- Born: 7 April 1893 Grand Rapids, Michigan
- Died: 12 August 1974 East Aurora, New York
- Occupation: Philosopher

= Howard D. Roelofs =

American philosopher

Howard Dykema Roelofs (7 April 1893 – 12 August 1974) was an American philosopher.

==Career==

Roelofs was born in Grand Rapids, Michigan. He was educated at Amherst College from 1911 to 1913 and at the University of Michigan where he obtained his BA in 1915 and MA in 1916. He earned his PhD in philosophy from Harvard University in 1925; his dissertation was on "The Nature and Function of Authority".

From 1927 to 1931 he was associate professor of philosophy at Stanford University. In 1932, he was appointed Obed J. Wilson Professor of Ethics and Head of the Department of Philosophy at the University of Cincinnati. He held these positions until his retirement in 1960.
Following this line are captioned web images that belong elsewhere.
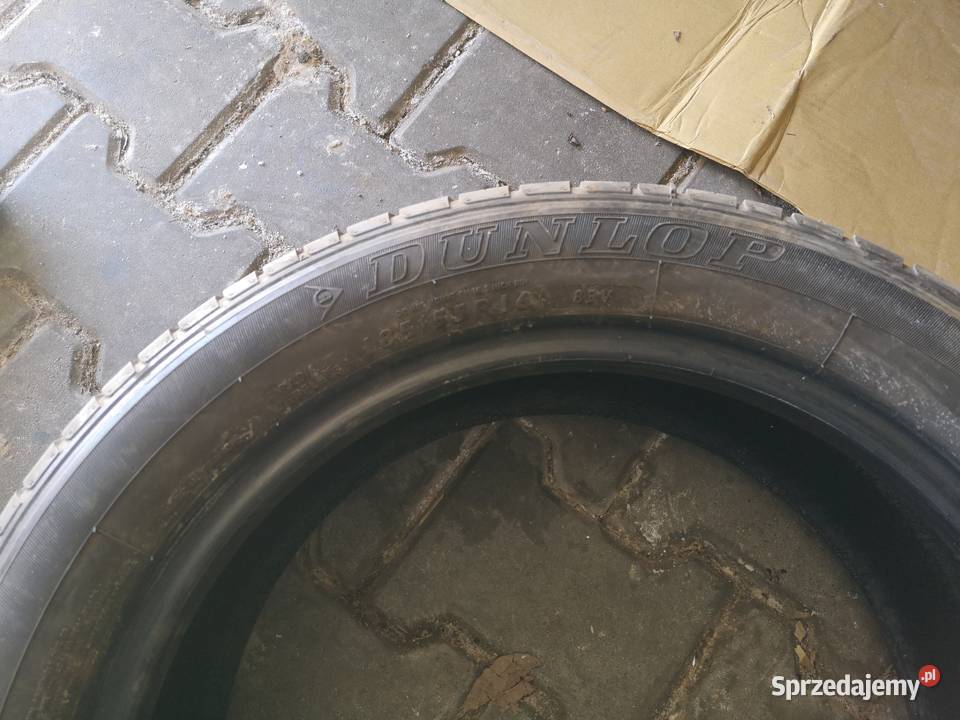 Opona Dunlop 1855516 lato sprzedam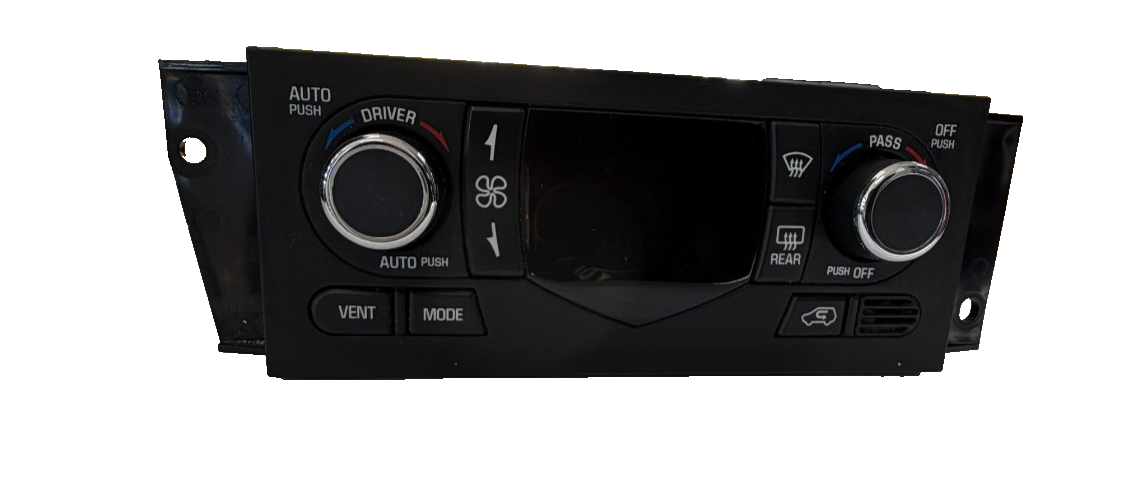 02-07 Buick Rendezvous AC Heater Climate Temperature Control 10339960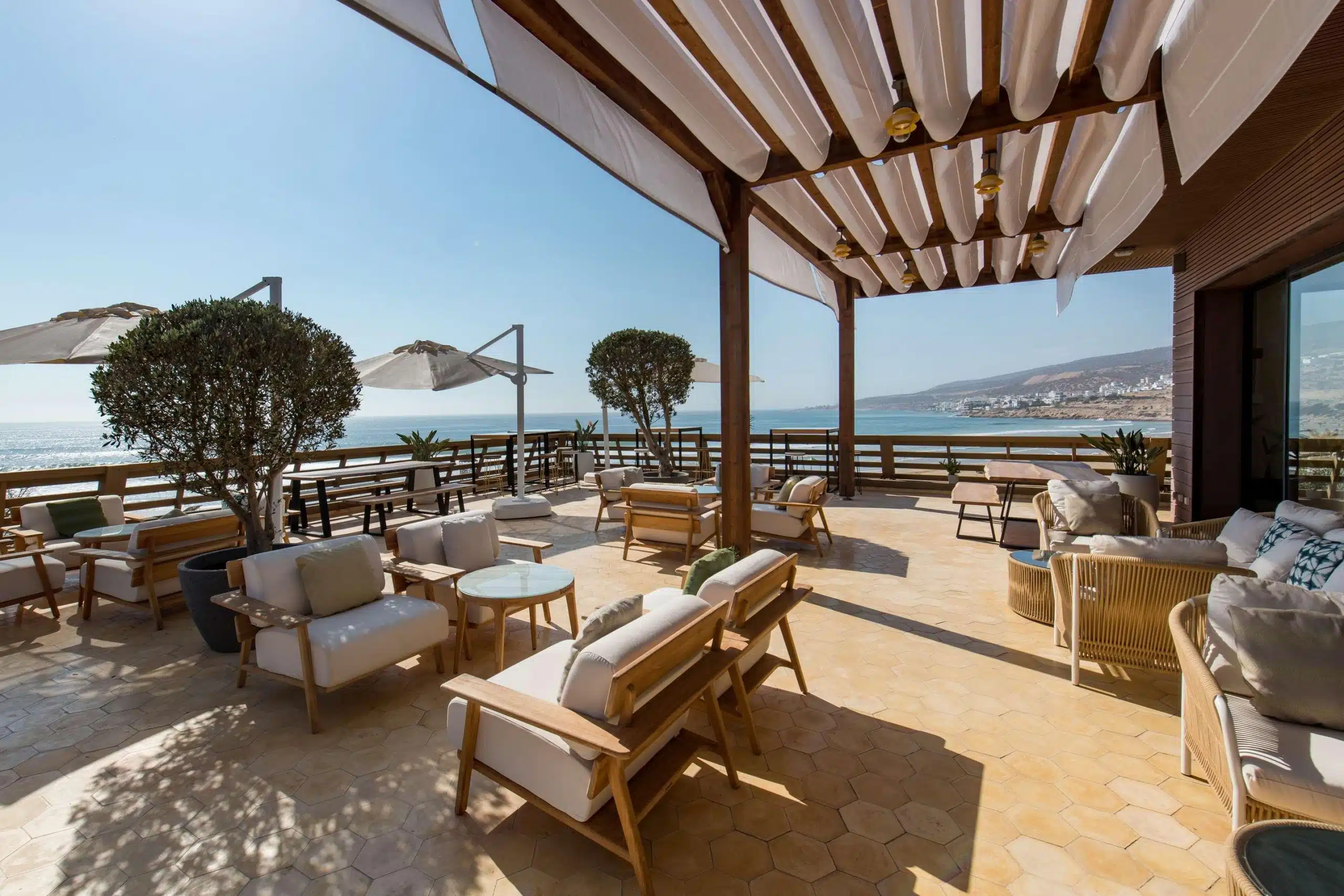 hotel taghazout
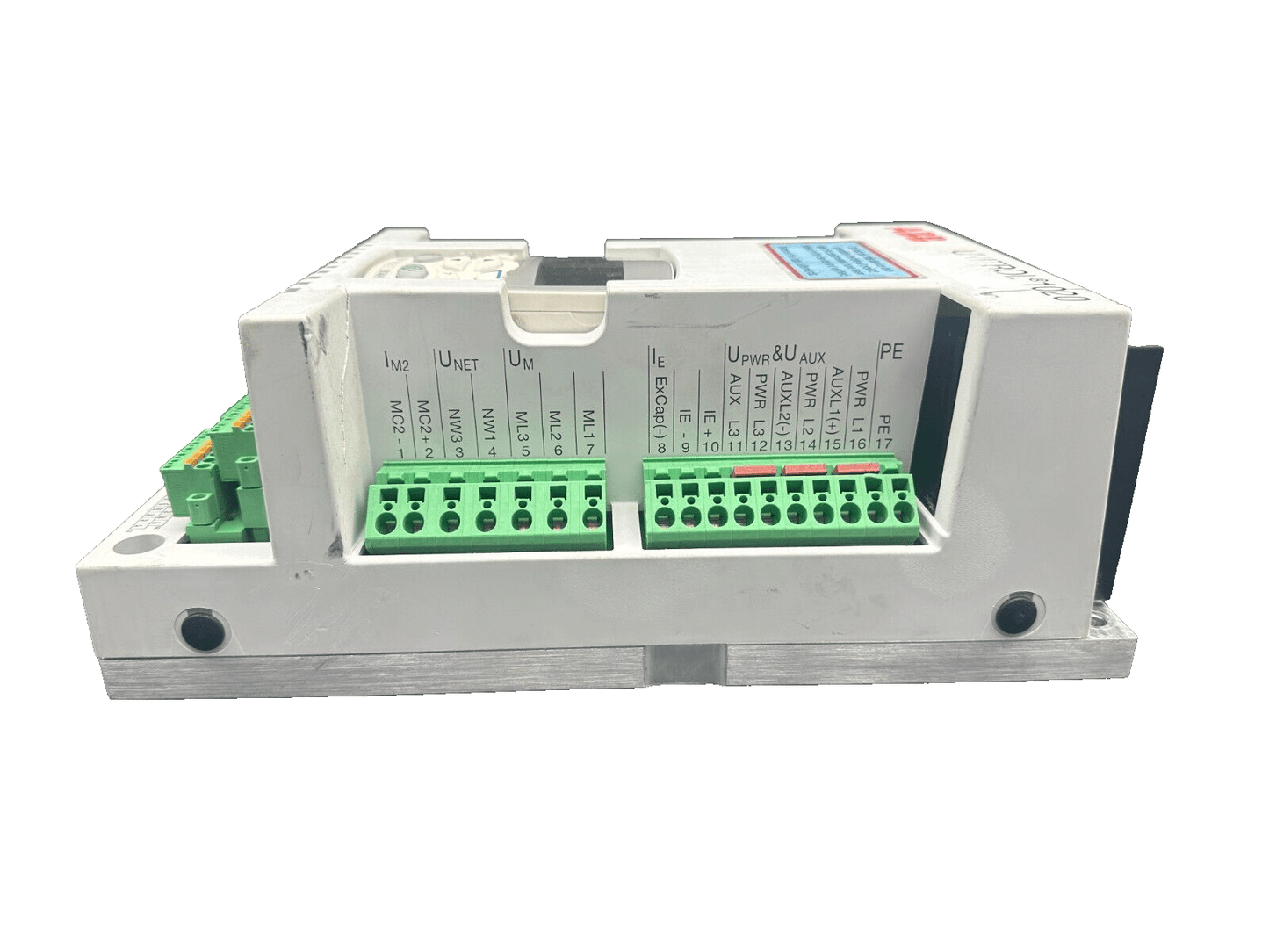 ABB 3BHE030579R0006 UNITROL 1020 UNS 0119 voir photos - KLR Automation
He was Dean of the McMicken College of Liberal Arts from 1933 to 1936. In 1949, he received an honorary LHD degree from Ripon College. Roelefs was an Aristotelian realist which he combined with Cartesian dualism. He was an opponent of materialism and pragmatism. He is best known for his papers Theology in Theory and Practice (1951) and A Case for Dualism and Interaction (1955). He argued that an explanation of the unity of mind and body was still required but dualistic interaction was the best option to account for the evidence of experience.

==Personal life==

Roelofs married Miriam Hubbard in 1917. They had four daughters and two sons. His son Howard Mark Roelofs was professor emeritus of New York University.

Roelofs was a Christian was a member of the Guild of Scholars of the Episcopal Church. He died at his home Arden Farm, in East Aurora, New York.